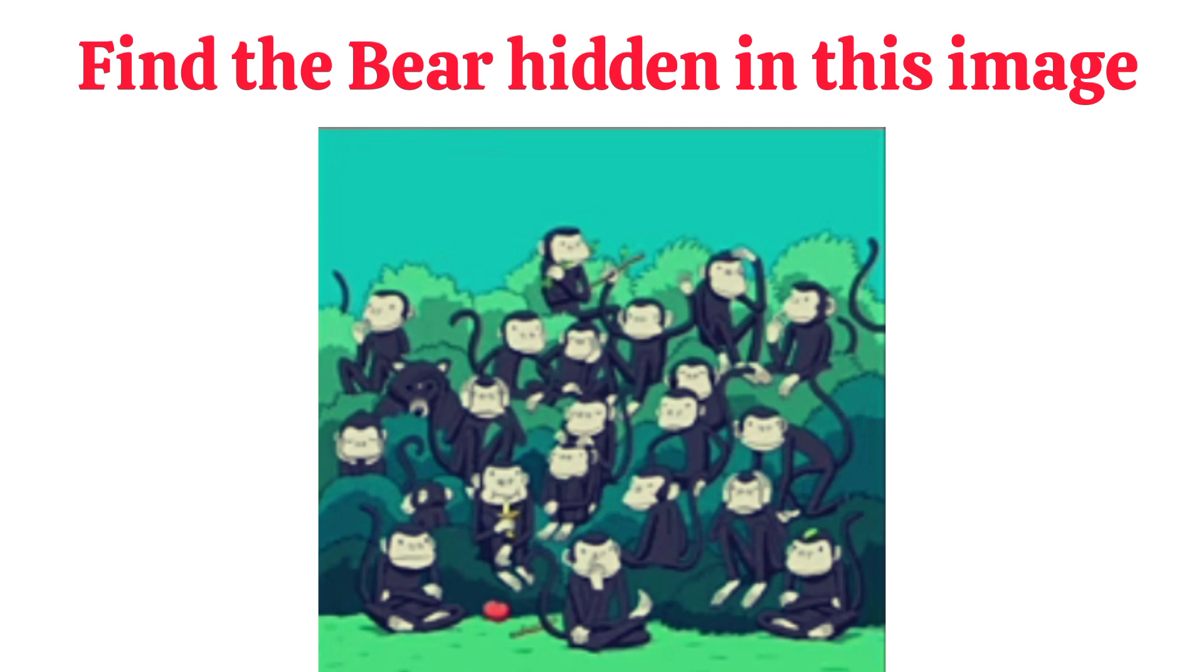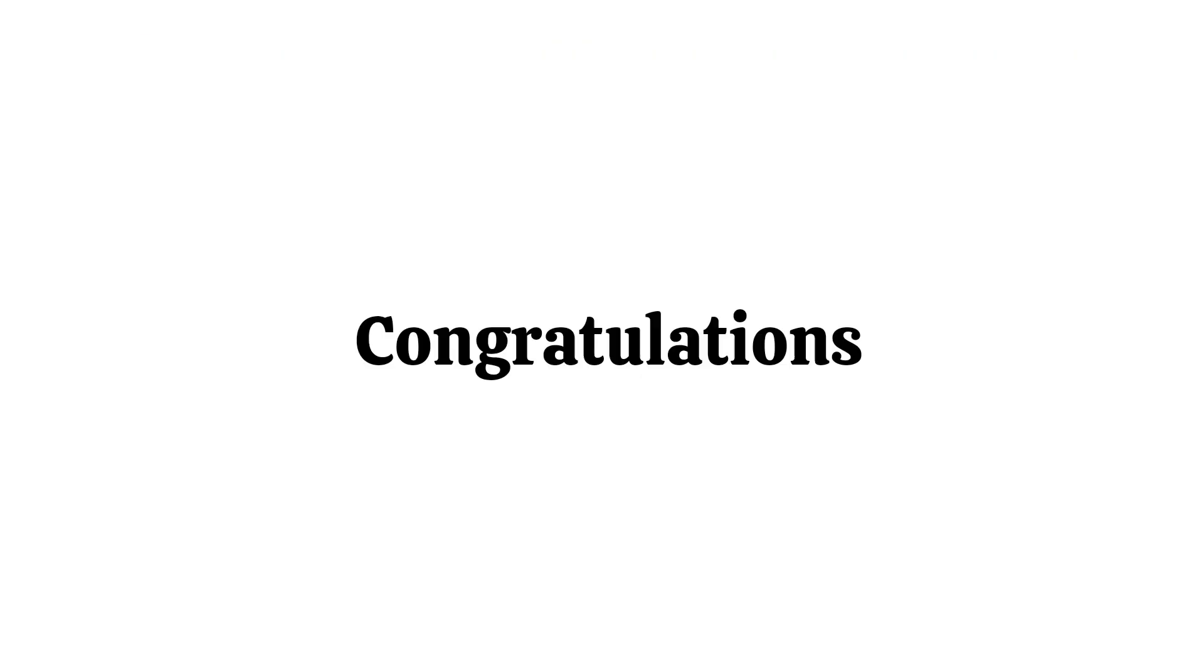1. Find the bear hidden in this image in 6 seconds. Congratulations if you passed this level 2.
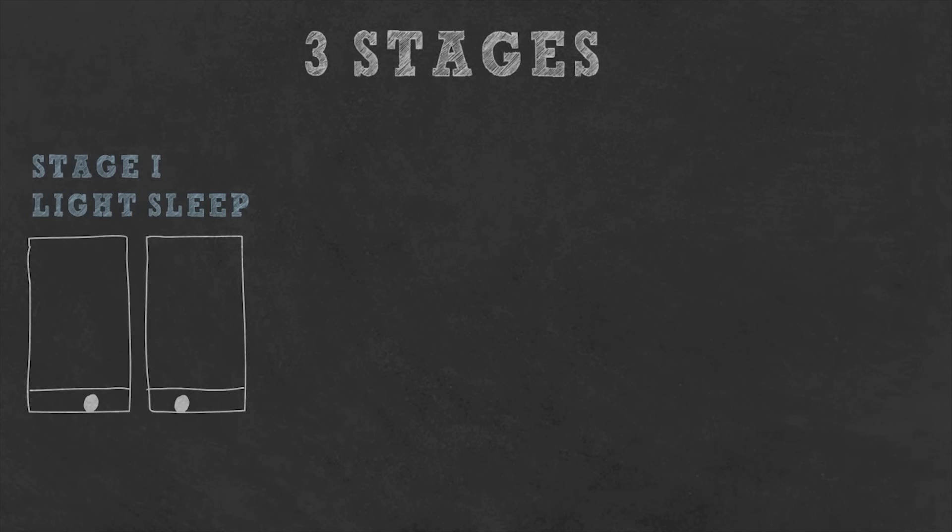Our sleep is made of 3 stages. The first stage is called light sleep. This is right after you go to sleep. Any sudden noises may awake you, and people often report that they feel awakened when sleeping in this stage.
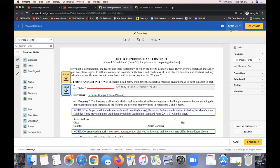From here, I'd typically come up to Recipient Preview to preview what it looks like for both clients before they sign, and then click Send to send this out to my clients to sign.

[What the task asks]: Would you copy the lines from the one holding "Our sleep is" down to the last line of the material, both included, exactly and with nothing added, skipping the pictures?

[Reply]:
Our sleep is made of 3 stages. The first stage is called light sleep. This is right after you go to sleep. Any sudden noises may awake you, and people often report that they feel awakened when sleeping in this stage.
From here, I'd typically come up to Recipient Preview to preview what it looks like for both clients before they sign, and then click Send to send this out to my clients to sign.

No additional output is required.